[Stored dataset items]
● ● ● ● ● ● ●

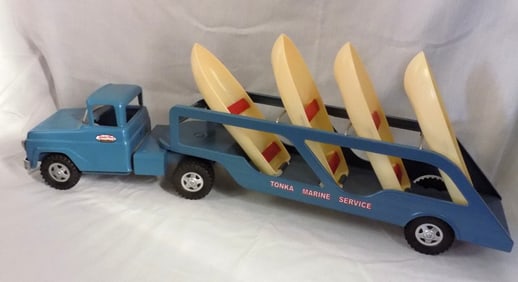 Vintage Tonka Marine Service toy truck and trailer hauling boats
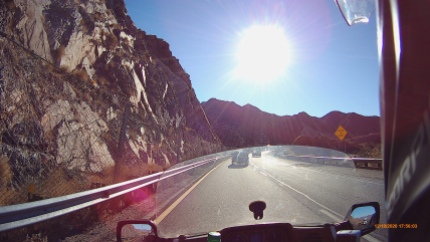 motorcycle pov on highway in mountains with sun
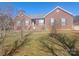 Charming single-story brick home with a well-manicured lawn and inviting front entrance at 1638 Bess Town Rd, Bessemer City, NC 28016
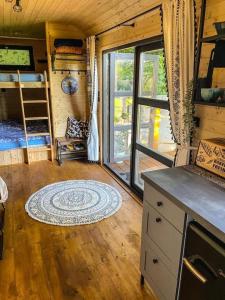 a living room with a large window in a tiny house at Maringotka Trojzemka in Hrádek nad Nisou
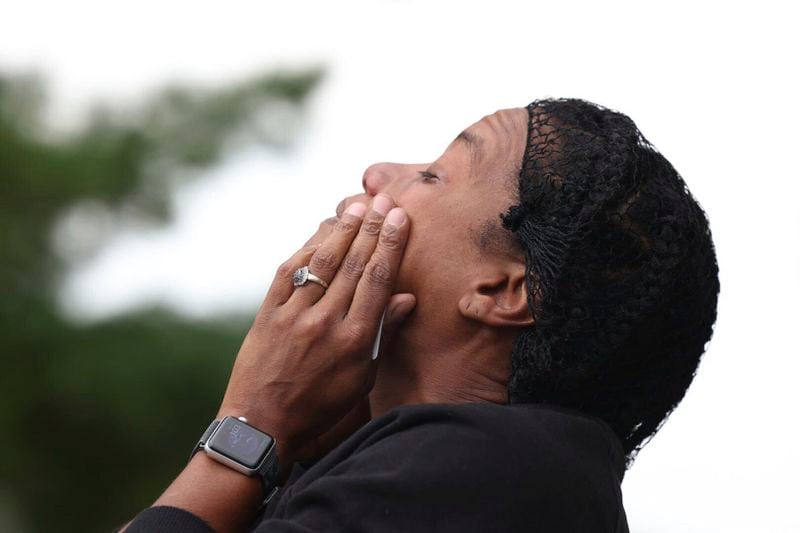 Pamela Caraballo, who has a child at the Northwest High School, reacts as she waits outside the school for students to be released after a shooting was reported Tuesday, Sept. 10, 2024, in Omaha, Neb. (Megan Nielsen/Omaha World-Herald via AP)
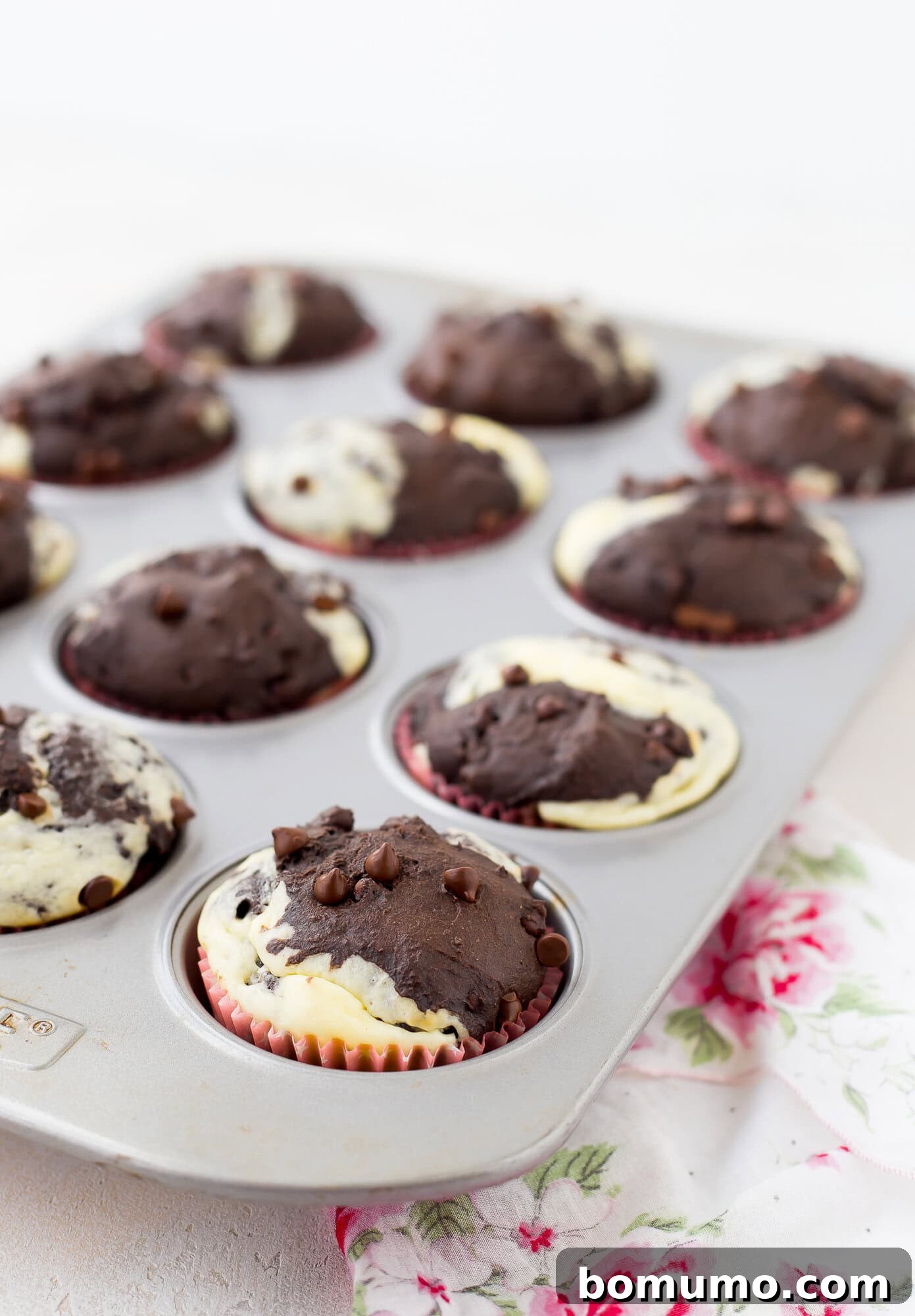 A muffin tin filled with freshly baked marble chocolate chip cream cheese muffins sits on a floral cloth.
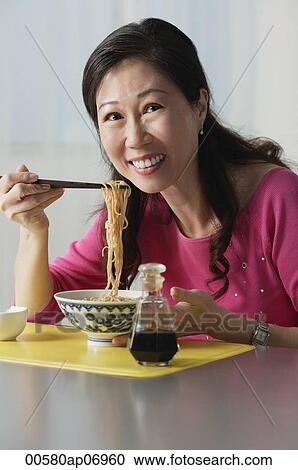 Stock Image - Mature woman eating a bowl of noodles. Fotosearch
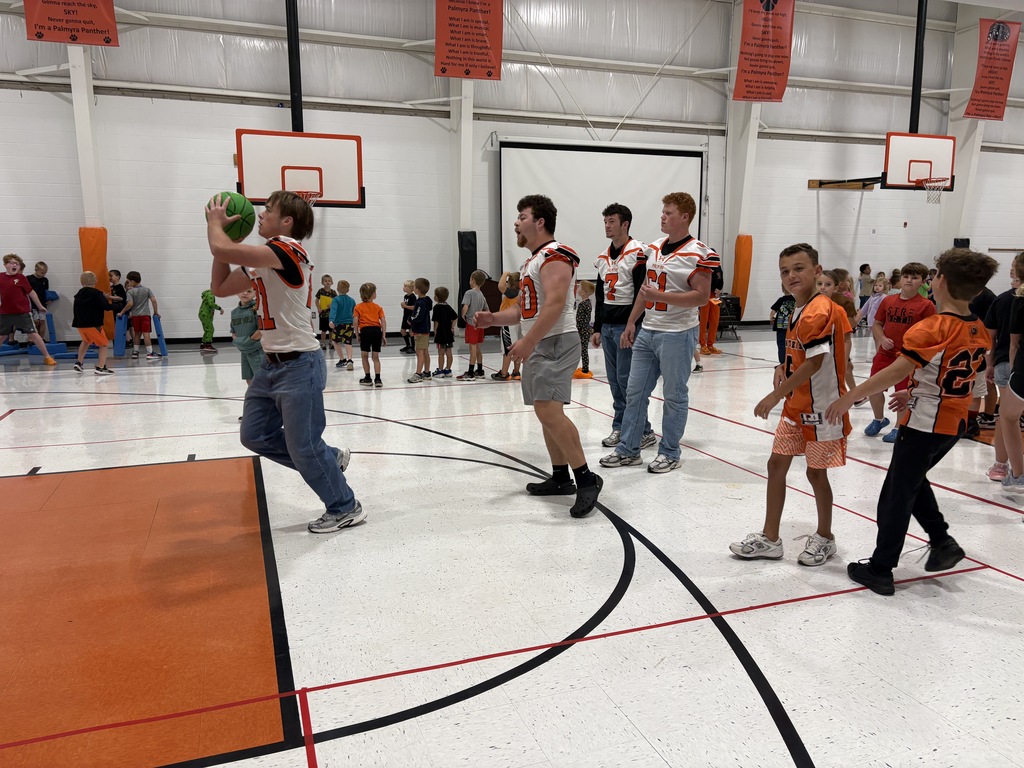 football players playing basketball with elementary students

● ● ● ● ● ● ●

Exercise details =>
The lines from the one containing "motorcycle pov on" through the final line of the data are to be repeated exactly, with both ends included and all pictures left out.

Output for this task =>
 motorcycle pov on highway in mountains with sun
 Charming single-story brick home with a well-manicured lawn and inviting front entrance at 1638 Bess Town Rd, Bessemer City, NC 28016
 a living room with a large window in a tiny house at Maringotka Trojzemka in Hrádek nad Nisou
 Pamela Caraballo, who has a child at the Northwest High School, reacts as she waits outside the school for students to be released after a shooting was reported Tuesday, Sept. 10, 2024, in Omaha, Neb. (Megan Nielsen/Omaha World-Herald via AP)
 A muffin tin filled with freshly baked marble chocolate chip cream cheese muffins sits on a floral cloth.
 Stock Image - Mature woman eating a bowl of noodles. Fotosearch
 football players playing basketball with elementary students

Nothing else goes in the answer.